Google Cloud today announced the preview availability of new Arm-based virtual machines, as well as a fully-managed job scheduling system called Batch.
The Arm VMs will form a new part of Google’s top-end Tau VM lineup, which are designed for scale-out workloads like large Java applications, web servers and media transcoding.
“Powered by Ampere Altra Arm-based processors, T2A VMs deliver exceptional single-threaded performance at a compiling price, making them ideal for scale-out, cloud-native workloads,” Google Cloud vice president and general manager of infrastructure Sachin Gupta said in a blog post.

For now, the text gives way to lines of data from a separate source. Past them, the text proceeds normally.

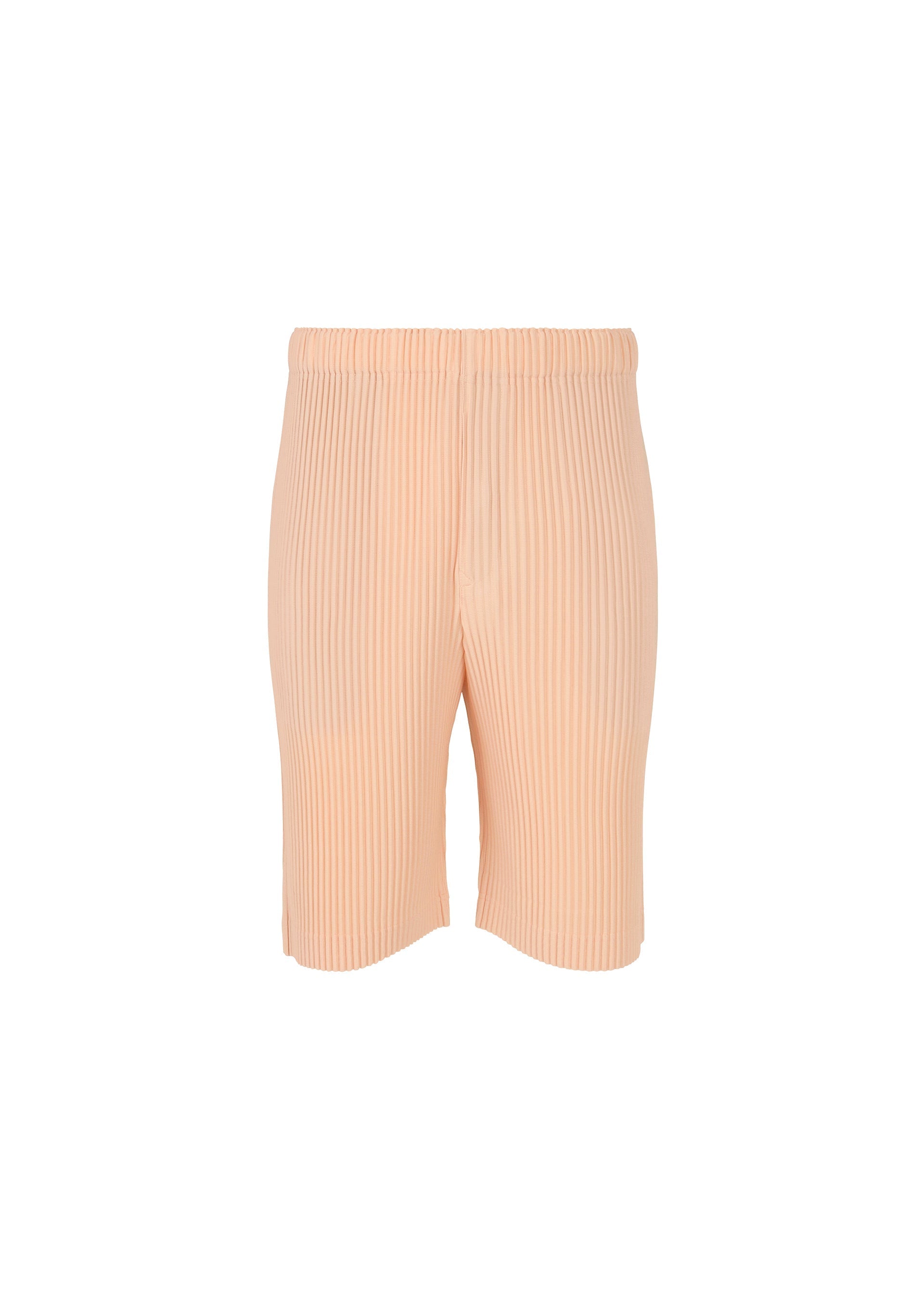 Zoomed view COLOR PLEATS, Men's Pants, Pink - FLUORITE PINK (no.20)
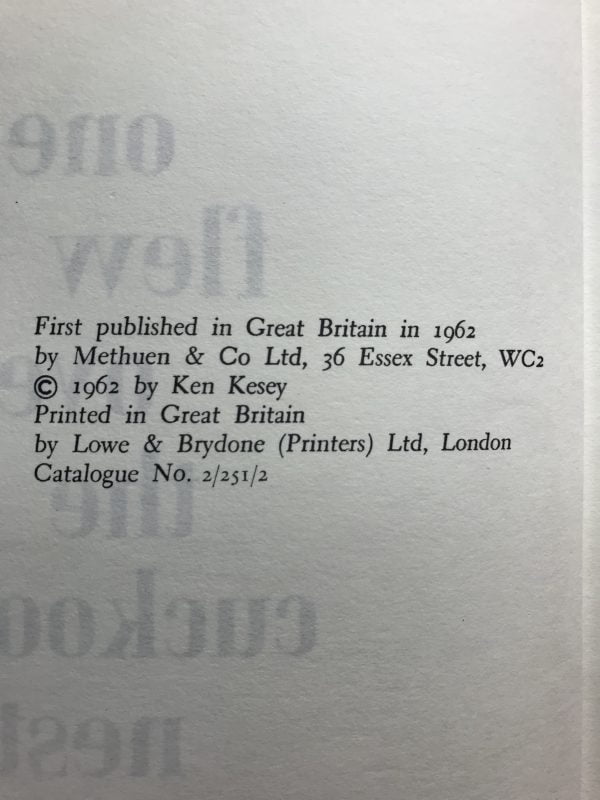 ken kesey one flew over the cuckoos nest 1st ed2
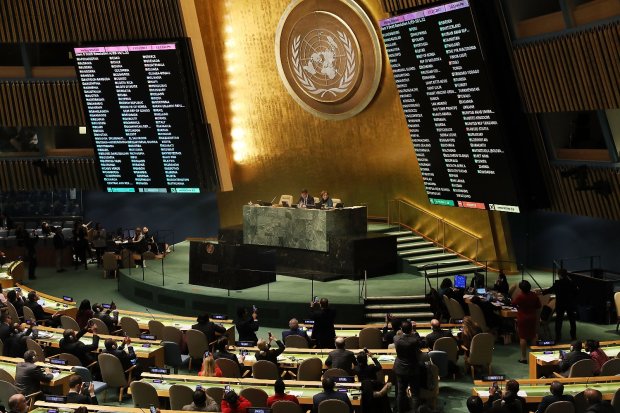 Резолюція ООН щодо України: прем'єр став на бік Росії
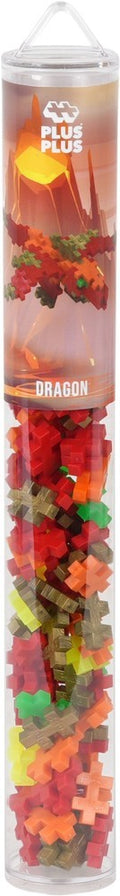 Plus plus tube draak plus-plus: 100 stuks (4267)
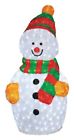 9781226 Decoris Led Acrylic Snowman 8718533202861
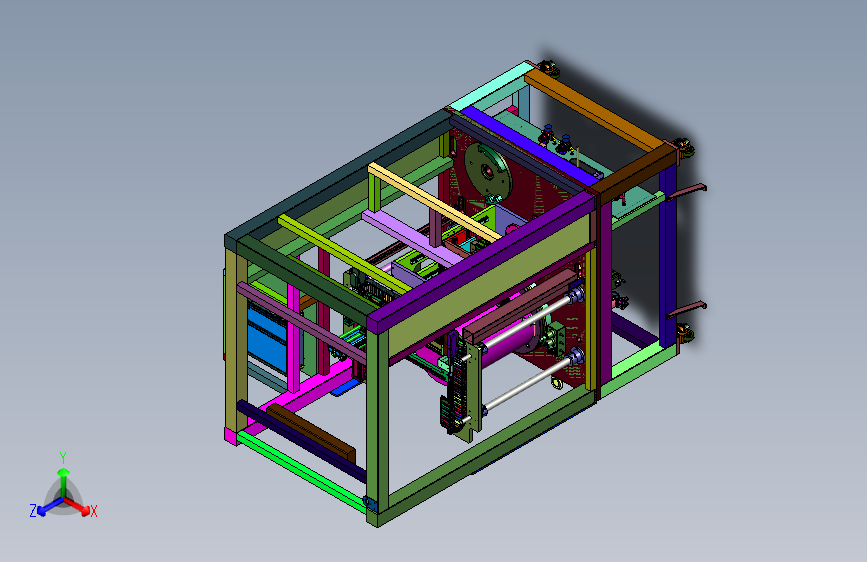 水泵装配过程中电机检测的设备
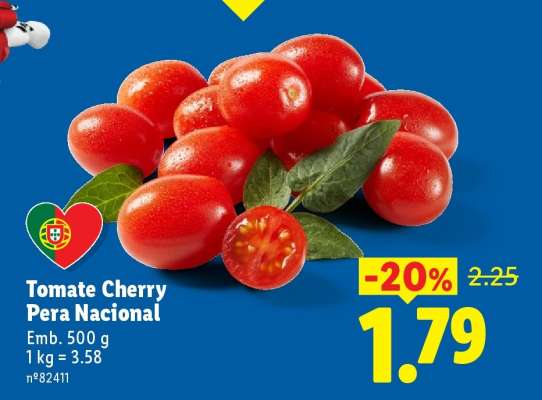 Tomate Cherry Pera Nacional
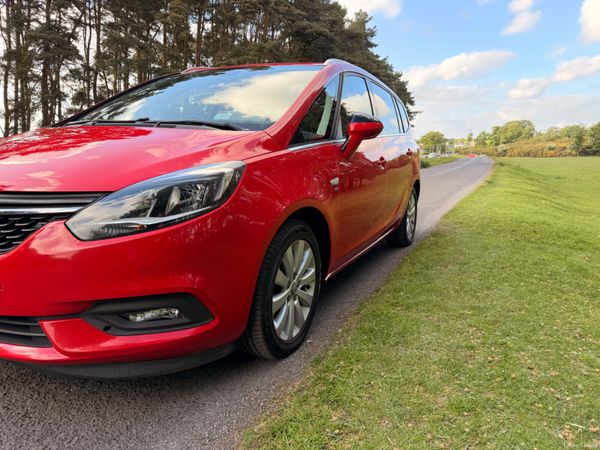 Opel Zafira 2017 Low Km 7 Seat Diesel 387446929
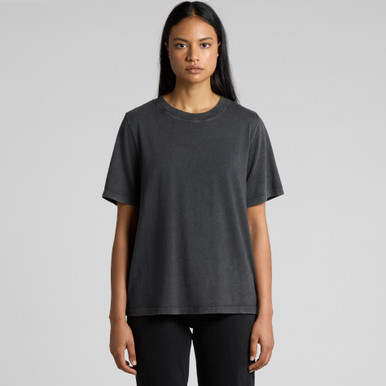 Wo’s Stone Wash Heavy Tee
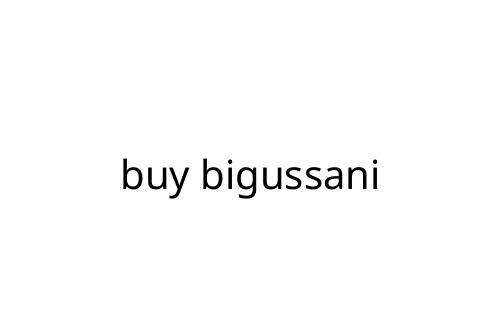 buy bigussani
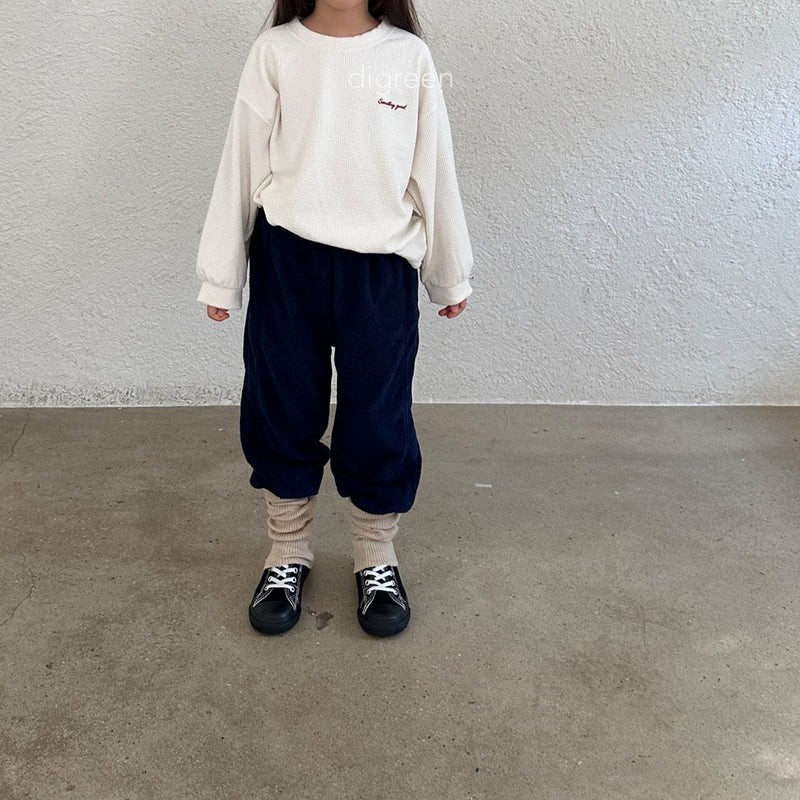 digreen / shushu jogger pants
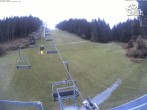 Archived image Webcam Winterberg: View Chair Lift &#39;Kleine Büre&#39; 17:00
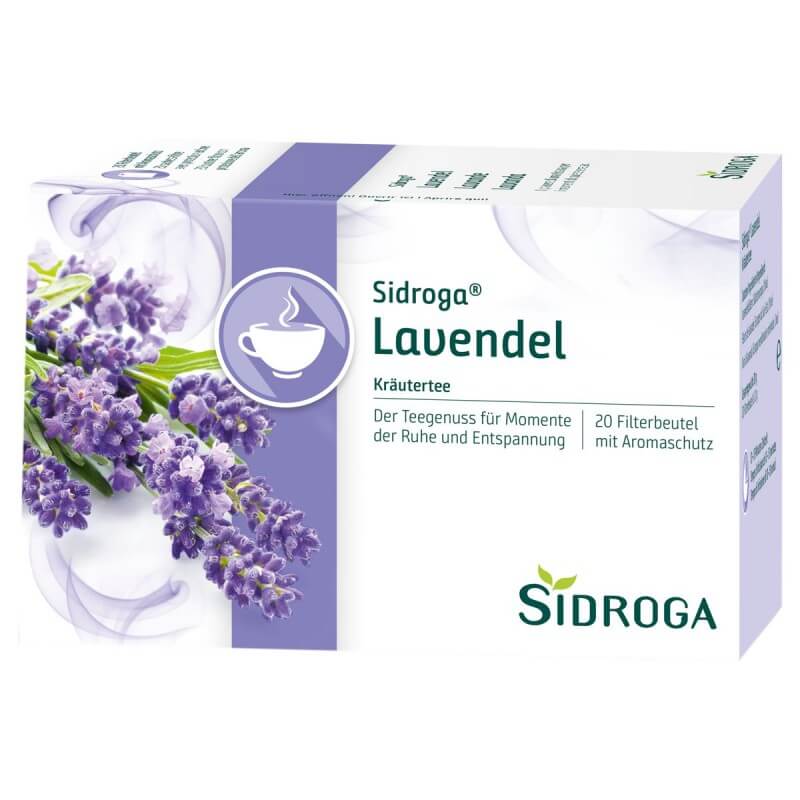 Sidroga Lavendel 20 Btl 1g Sidroga Lavendel 20 Btl 1g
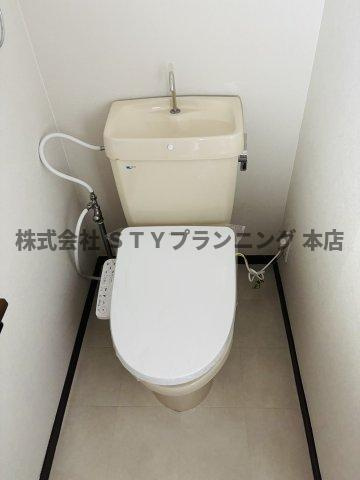 仲介手数料0円！グランドールKのトイレ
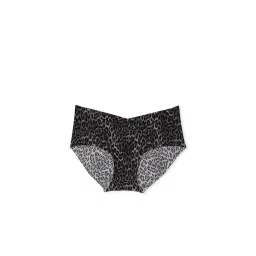 victoria's secret intimates Victoria's Secret Black No-Show Seamless Hip Hugger Panty-picture-16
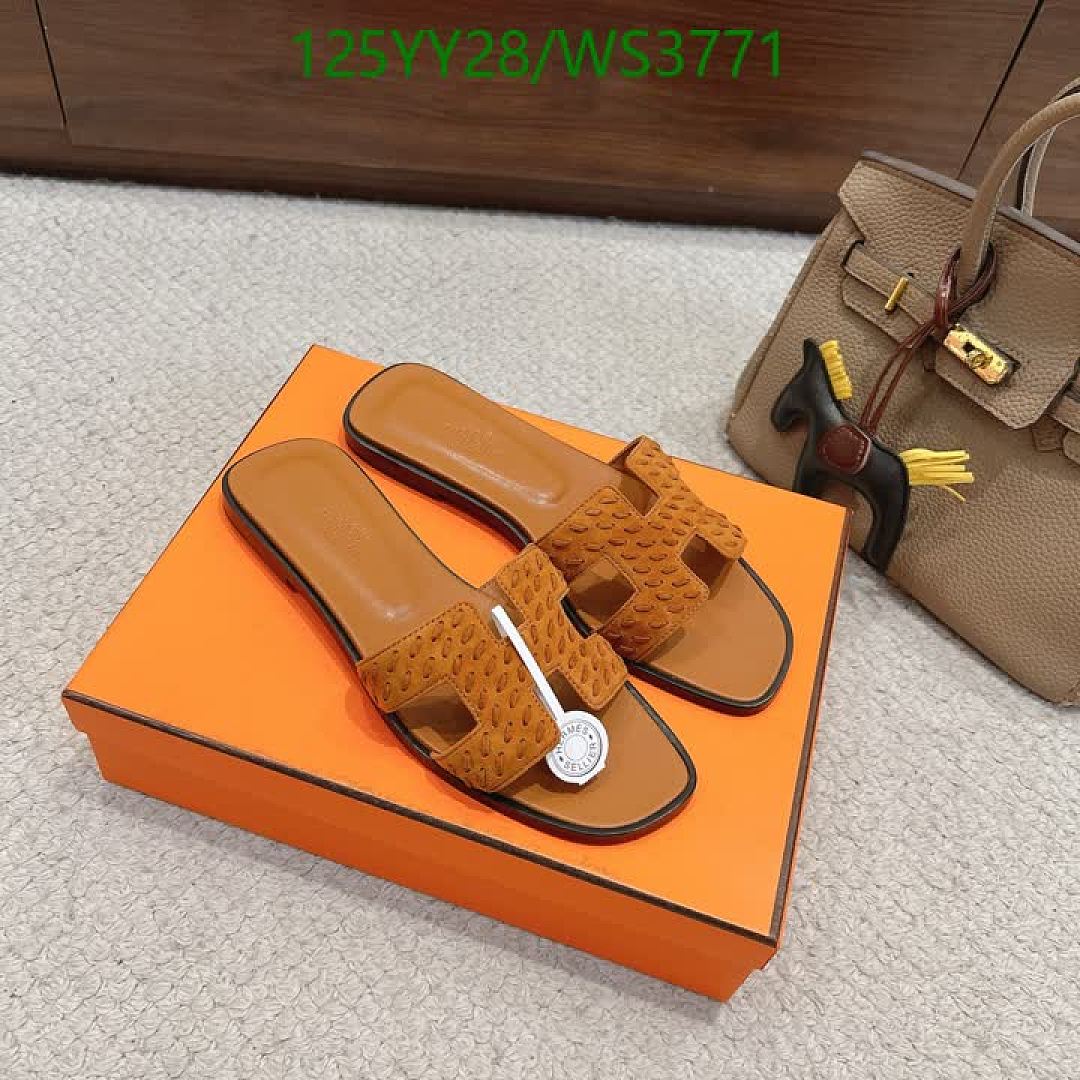 Hermes-Women Shoes Code: WS3771 $: 125USD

The other announcement, Batch, is a fully managed job scheduling system designed for compute heavy applications. Batch jobs automatically manage their own compute resources, easing the burden on customers, and allowing them to run thousands of jobs with a single command.
“This improves the developer experience for executing HPC, AI/ML, and data processing workloads such as genomics sequencing, media rendering, risk modeling, and electronic financial design automation,” said Gupta, in the blog post.
Today’s Infrastructure Spotlight event also highlighted several other recent moves, including price stability for Google Cloud’s Spot VM feature, which allows delay-tolerant workloads to be performed using Google’s idle machine cycles at a hefty discount from on-demand pricing. Google’s Cloud TPU v4 machine learning pods are also now generally available via a new ML hub.
The company also talked up new security features like Confidential VMs, where data is impossible to view, even with a debugger, from outside the trusted execution environment of the VM itself. There is also a new Cloud Intrusion Detection System, which uses machine learning to analyze threats and update itself on an automatic basis.